■ Task goal
Reproduce word for word the line holding "1781 Elder Court" and all lines after it in the data, through the end, leaving out pictures.

====== Records for this exercise

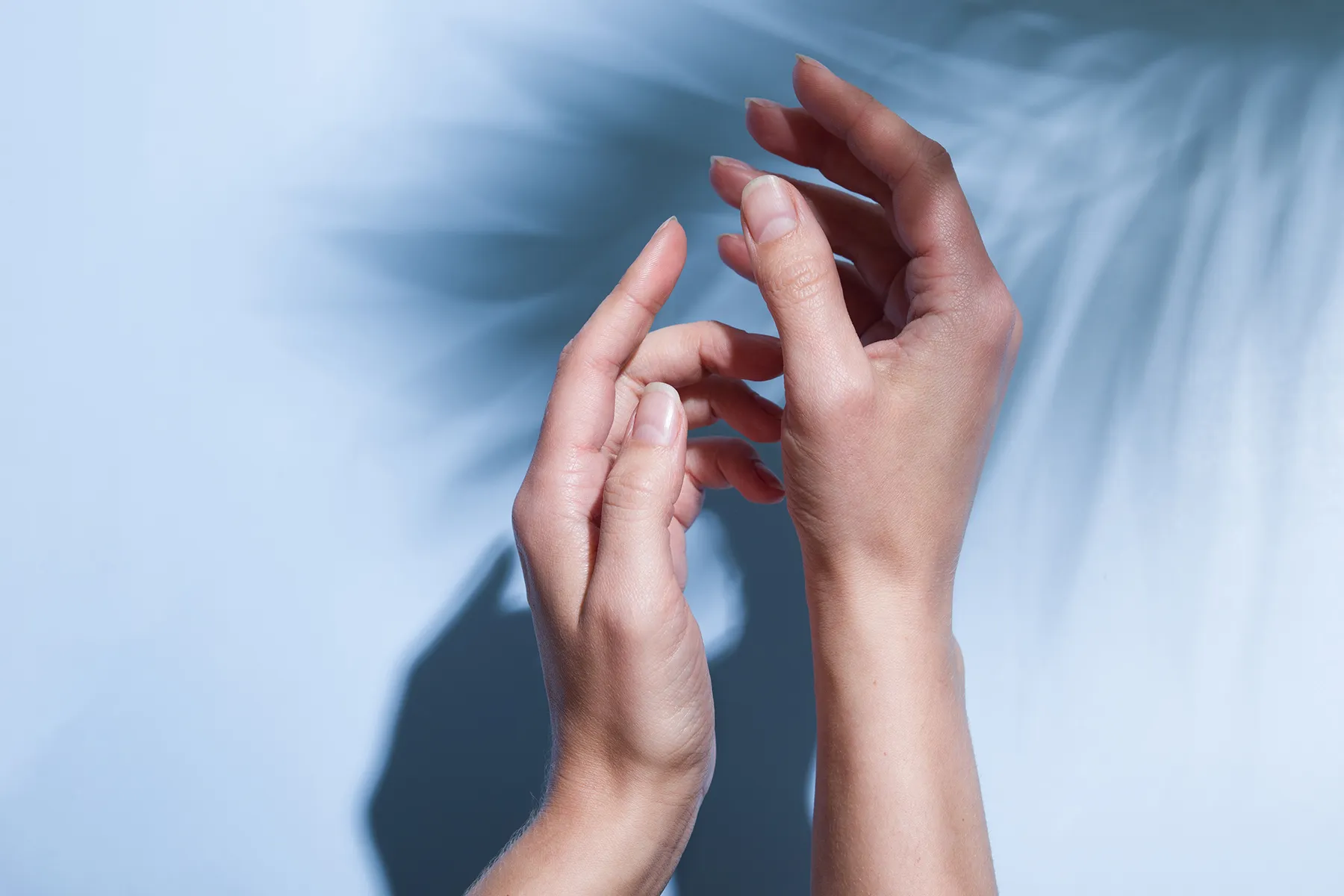 A pair of hands with smooth, healthy skin and natural nails, gently posed against a serene light blue background with soft palm leaf shadows.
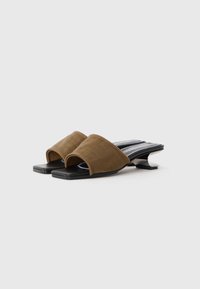Brown fabric slide sandals with an open toe design, black flat sole, and distinctive curved heel. Textured upper with a smooth lining.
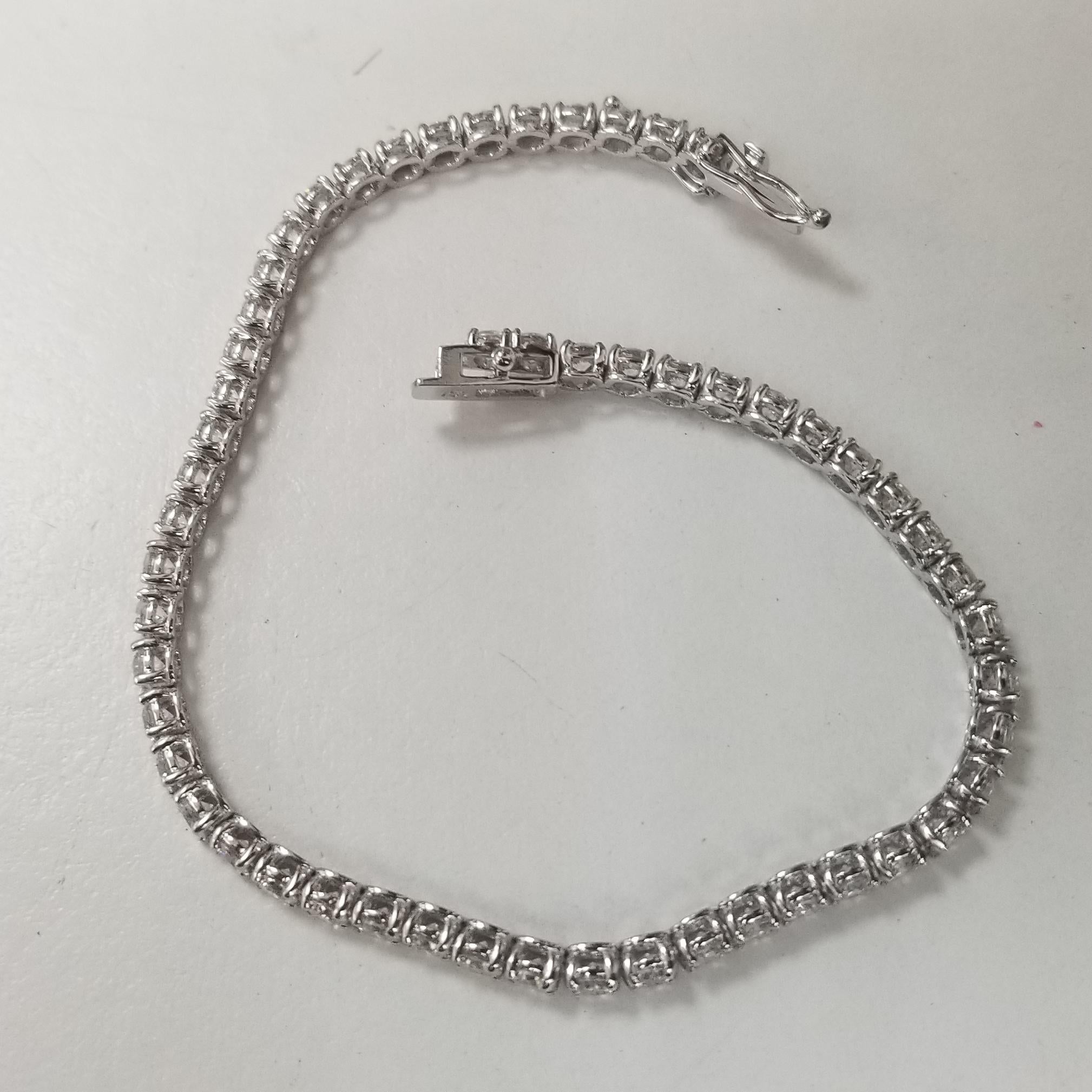 This is very beautiful 18k white gold custom made tennis bracelet with 55 round diamonds color F-G and clarity VS2-SI1 weighing 5.40cts. very fine quality diamonds, bracelet measures 7 inches with clasp and safety.
Specifications:
    main stone:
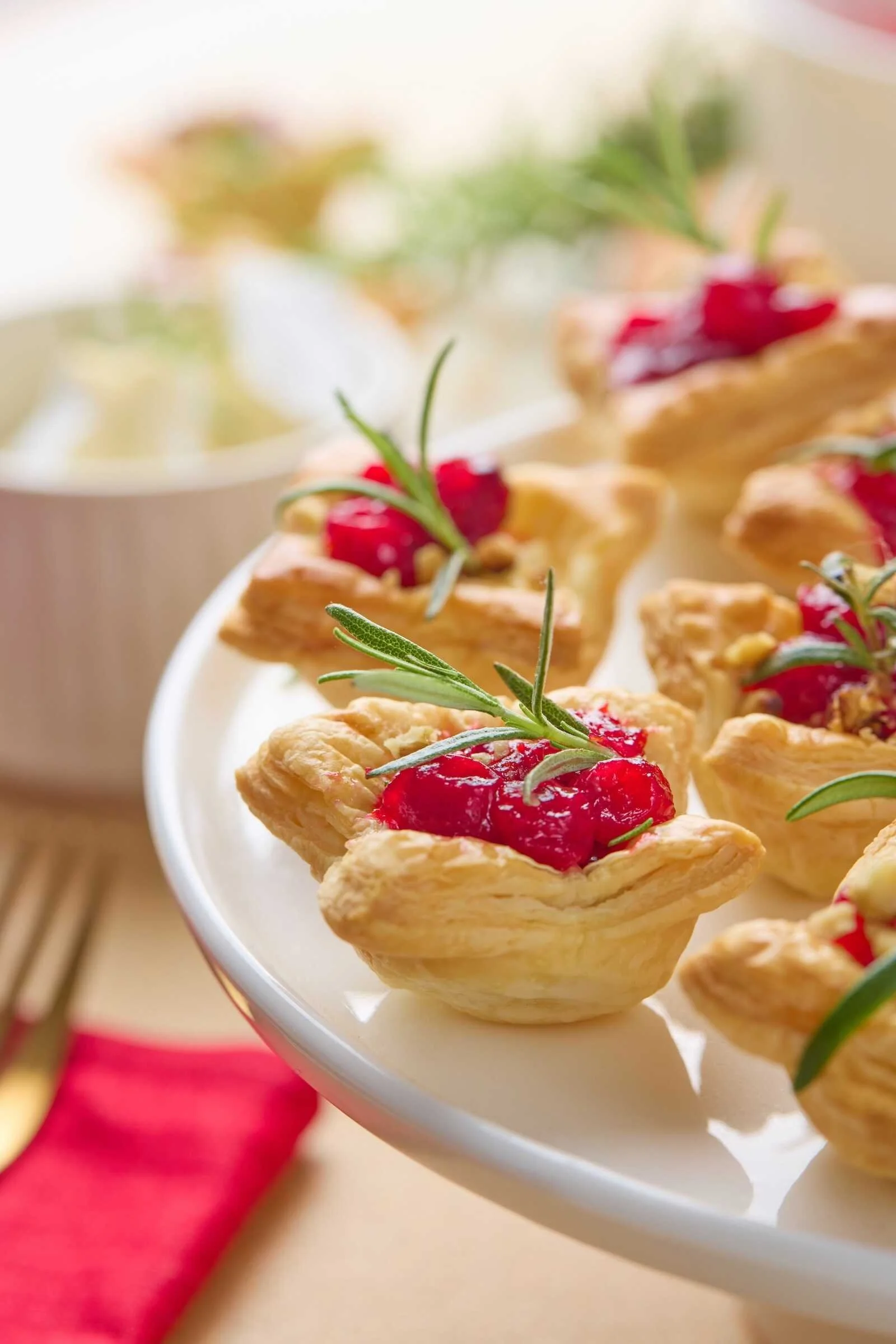 Close-up of Holiday Heaven Bites with flaky puff pastry, creamy Brie cheese, homemade cranberry topping, and fresh rosemary served on a festive holiday platter.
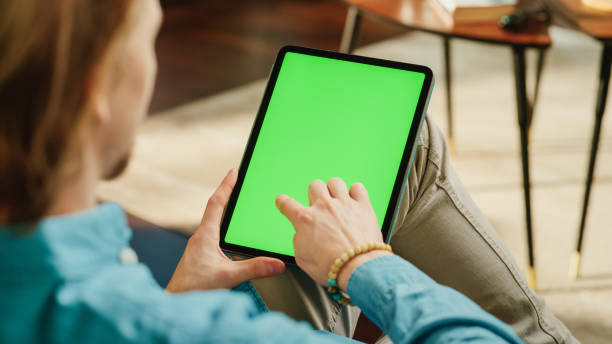 istock Young Man Scrolling Content on Tablet Computer with Green Screen Mock Up Display. Male Relaxing at Home, Reading Social Media Posts on Mobile Device. Close Up Over the Shoulder Photo. 1447976639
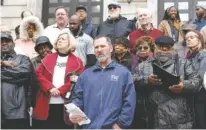  ?? STAFF PHOTO BY C.B. SCHMELTER ?? Organizer and president of Iron Workers Local Union No. 704 Daniel Potter, center, speaks Tuesday on the steps of City Hall during a public statement by the Unity Group of Chattanoog­a about the former Harriet Tubman site.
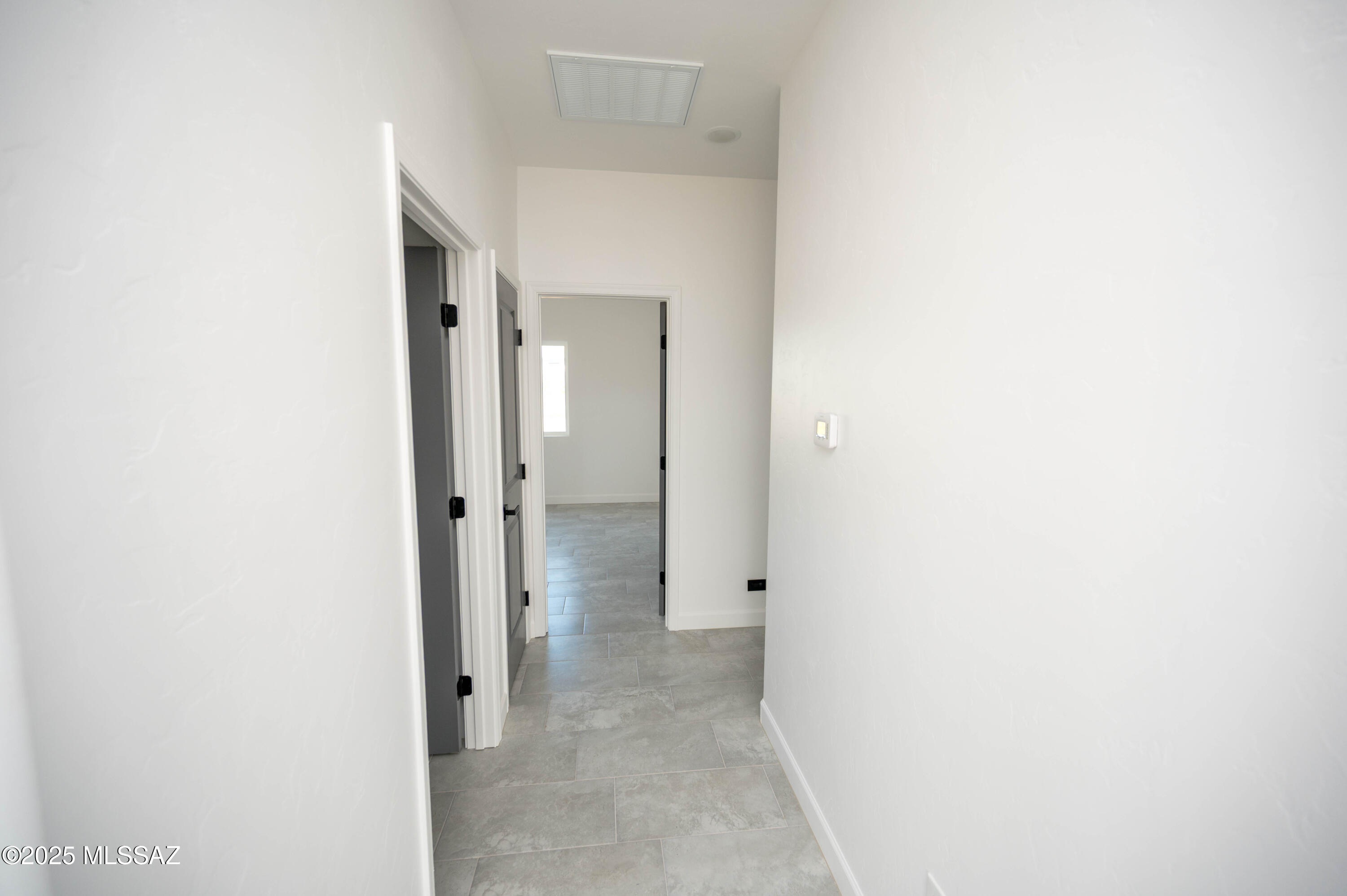 1781 Elder Court Rio Rico, AZ 85648 - Photo 50 of 50 a view of a hallway with closet and bathroom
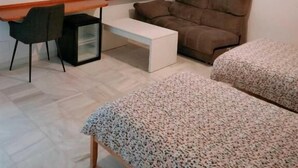 Una habitación pequeña y moderna con una cama, un escritorio, una silla y un ventanal con persianas.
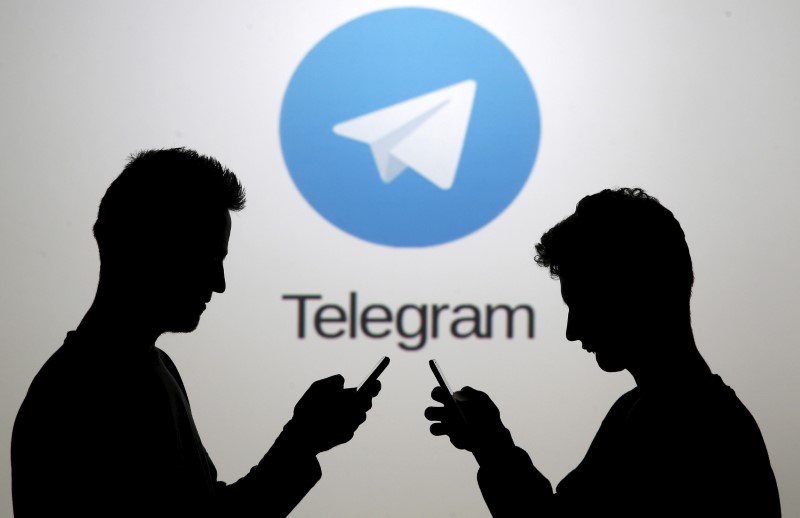 © Reuters. Two men pose with smartphones in front of a screen showing the Telegram logo in this picture illustration taken in Zenica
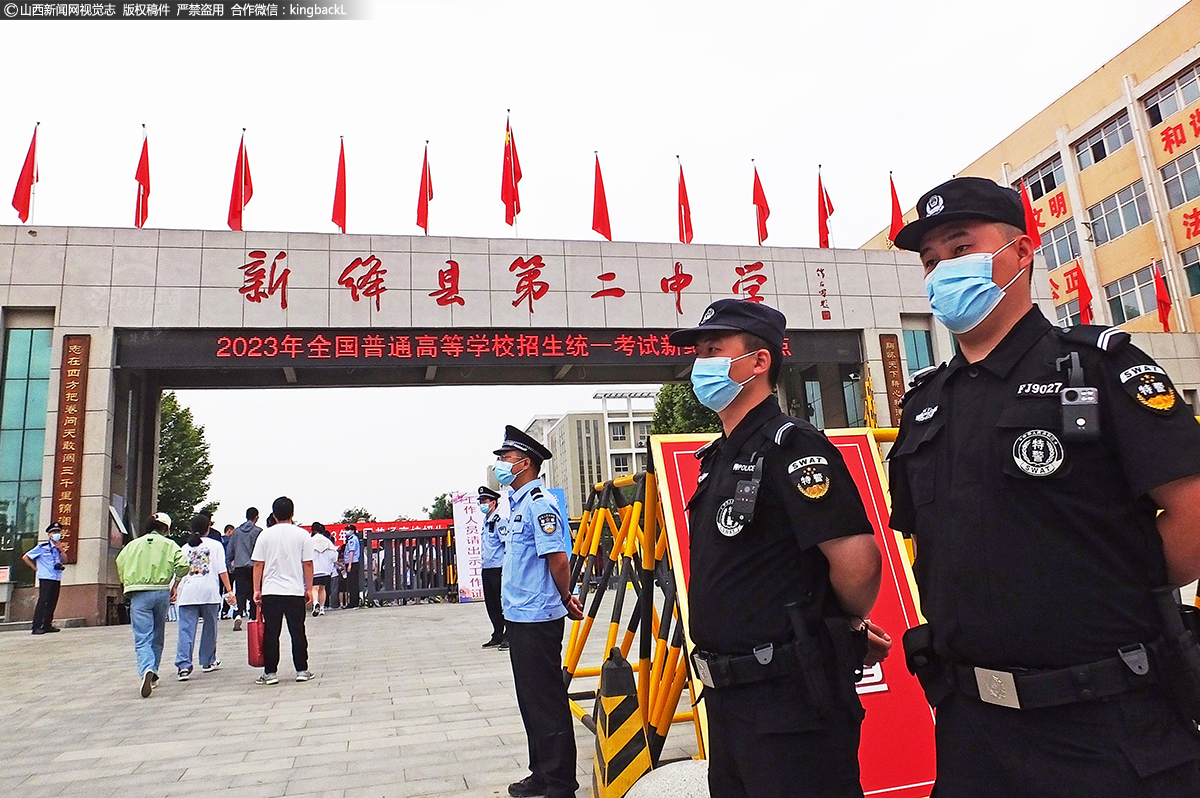      6月7日，在运城市新绛县第二中学考点，民警和特警护送考生进入考场。（■摄影师：高新生）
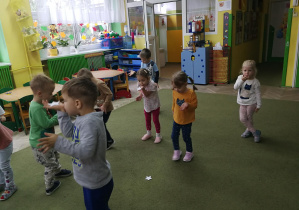 Przedszkolaki zdmuchują papierowe gwiazdki z dłoni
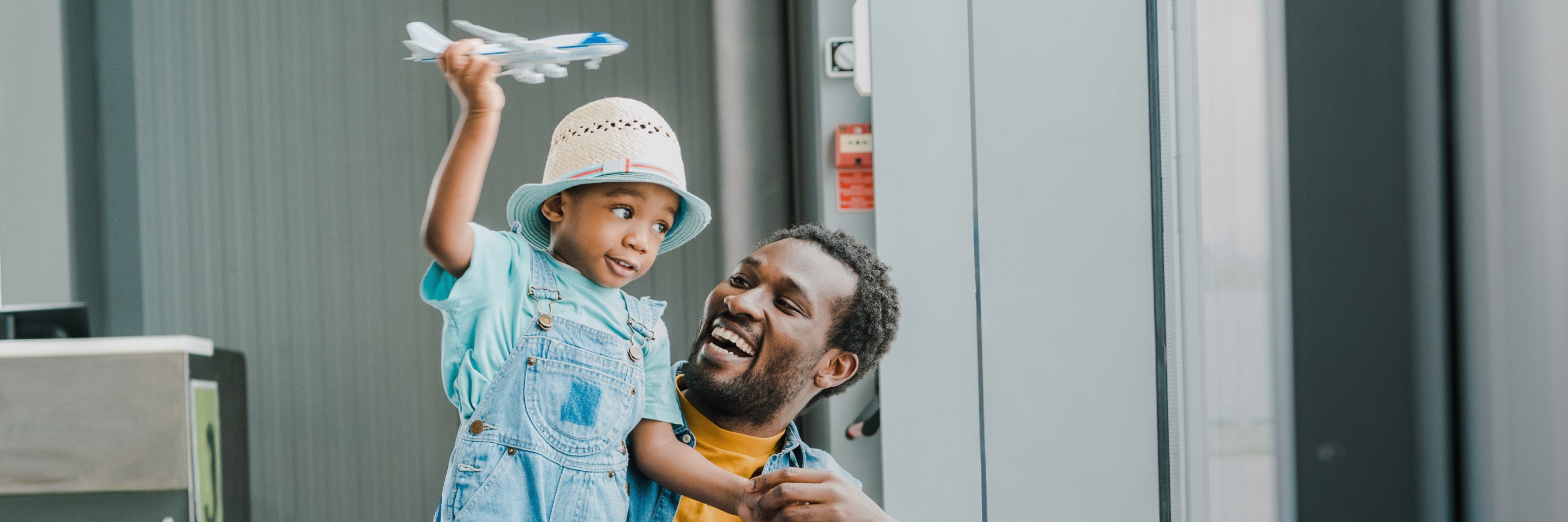 father and son playing with an airplane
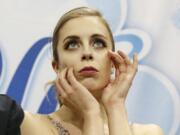 FILE - In this Jan. 5, 2018, file photo, Ashley Wagner waits for her scores during the women’s free skate event at the U.S. Figure Skating Championships in San Jose, Calif. Former Olympian Ashley Wagner says she was sexually assaulted by another figure skater in 2008 when she 17. The three-time national champion writes in USA Today on Thursday, Aug. 1, 2019, that John Coughlin climbed into her bed after a party at a skating camp and began kissing and groping her. Coughlin was 22 at the time and took his life in January at 33.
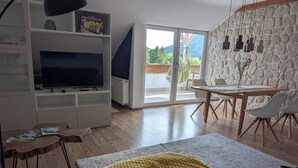 A modern living room with a flat-screen TV, a dining area with a table and chairs, and a large window offering a view of greenery. - Neckar View Apartment near Heidelberg | Balcony & Parking (Neckarsteinach)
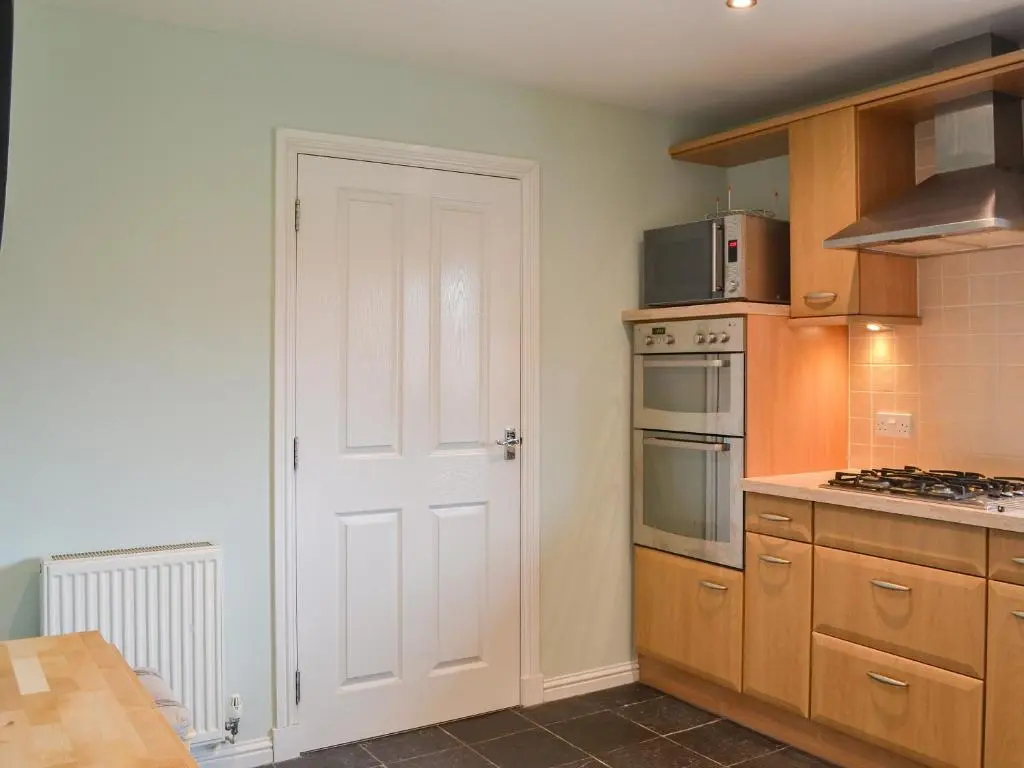 a kitchen with wooden cabinets and a white door at Stags Neuk in Aviemore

============

■ Solution to this exercise
 1781 Elder Court Rio Rico, AZ 85648 - Photo 50 of 50 a view of a hallway with closet and bathroom
 Una habitación pequeña y moderna con una cama, un escritorio, una silla y un ventanal con persianas.
 © Reuters. Two men pose with smartphones in front of a screen showing the Telegram logo in this picture illustration taken in Zenica
      6月7日，在运城市新绛县第二中学考点，民警和特警护送考生进入考场。（■摄影师：高新生）
 Przedszkolaki zdmuchują papierowe gwiazdki z dłoni
 father and son playing with an airplane
 FILE - In this Jan. 5, 2018, file photo, Ashley Wagner waits for her scores during the women’s free skate event at the U.S. Figure Skating Championships in San Jose, Calif. Former Olympian Ashley Wagner says she was sexually assaulted by another figure skater in 2008 when she 17. The three-time national champion writes in USA Today on Thursday, Aug. 1, 2019, that John Coughlin climbed into her bed after a party at a skating camp and began kissing and groping her. Coughlin was 22 at the time and took his life in January at 33.
 A modern living room with a flat-screen TV, a dining area with a table and chairs, and a large window offering a view of greenery. - Neckar View Apartment near Heidelberg | Balcony & Parking (Neckarsteinach)
 a kitchen with wooden cabinets and a white door at Stags Neuk in Aviemore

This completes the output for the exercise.